Les tribulations d’un Français en France

Philibert Humm, à peine trentenaire, a obtenu le prix Vialatte 2021 grâce à ses Tribulations d’un Français en France. Comment qualifier cet ouvrage ? Un carnet de voyage plus qu’un roman, c’est certain, qui se décompose en deux parties. La première est une succession de lieux que les institutionnels du tourisme devraient apprécier (plus ou moins, plutôt moins que plus), car voilà quelques années maintenant qu’il est de bon ton de valoriser des sites en les comparant avec des destinations lointaines (la Venise de…, le Colorado de…), en espérant rediriger les voyageurs vers une destination française plutôt que lointaine. Dans cette liste on trouve la célèbre Amazonie auvergnate, à savoir le méandre de Queuille. C’est peut-être le lieu que Philibert Humm égratigne le moins parmi sa sélection. On aurait pu y trouver le Colorado auvergnat (et même LES Colorados, puisqu’il y a la Vallée des Saints et le ravin de Corboeuf qui se disputent le titre convoité) mais c’est celui de Rustrel dans le Lubéron qui a gagné les faveurs de l’auteur. Bref, Philibert Humm s’est rendu sur place afin de constater la réalité des comparaisons prestigieuses de ces sites touristiques. Et bien entendu son constat est quelque peu… nuancé dirons-nous. Avec beaucoup d’humour mais sans mépris, les localités sont jaugées, des personnalités locales interrogées et après tout on se dit que pourquoi pas ? Si ça peut faire rêver, c’est toujours ça de pris. 

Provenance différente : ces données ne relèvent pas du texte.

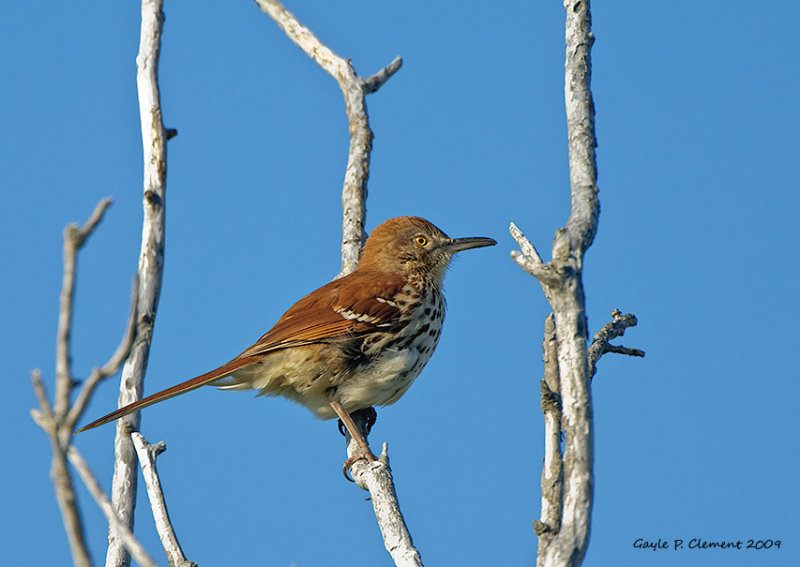 Brown Thrasher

Dans la deuxième partie de ce livre, Philibert Humm nous embarque dans un périple de plusieurs jours en auto-stop, au départ de Paris. Sur son carton : “N’importe où”. Et contre toute attente, ils sont plutôt nombreux à s’être arrêtés pour transporter l’auteur n’importe où. Ce qui fait le charme de l’auto-stop, c’est la rencontre et ici les portraits sont tous attachants, improbables parfois. Aller n’importe où, certes, mais pas avec n’importe qui et pourtant comme le souligne l’auteur, l’auto-stoppeur ne choisit pas son chauffeur, c’est lui qui est choisi. 

J’ai beaucoup aimé ce livre. La première partie a évidemment amusé et intéressé la professionnelle du tourisme que je suis. Mais j’ai préféré la deuxième partie, que j’ai trouvée particulièrement rafraîchissante et poétique, moi qui n’ai jamais levé le pouce de ma vie sur le bord d’une route. Le style d’écriture de Philibert Humm rappelle parfois, même souvent, le ton et l’humour d’Alexandre Vialatte : le prix est amplement mérité ! 

“Mais voilà, l’Amazonie auvergnate ressemble beaucoup (un peu) à l’Amazonie telle que se la figure celui qui n’y a jamais mis les pieds. Et cela compte. Car c’est l’image d’Epinal qui meut d’abord les voyageurs, le pousse à quitter les siens, traverser les montagnes et baratter les océans. […] Le voyageur n’en finit pas de visiter ses lieux communs. Il cherche au loin ce qui ressemble à ce qu’il s’imagine. De là vient sa frustration. De là vient qu’il repart toujours.”

“L’homo modernus ne se contente plus de venir au monde et de le trouver beau : il se pique de l’aménager. Il l’organise, l’agrémente selon son goût et le met aux normes. C’est important les normes. La rend la vie plus conforme. Pour ce faire, il suffit d’avoir recours à la trinité des “3P” : Parking, Panneaux, Poubelles. Ainsi met-on la Nature au pas.”

“Les voitures, quand elles ont des bornes au compteur et du foutoir dans les portières, en disent plus long sur leur propriétaire que les SUV loués à la demi-journée.”.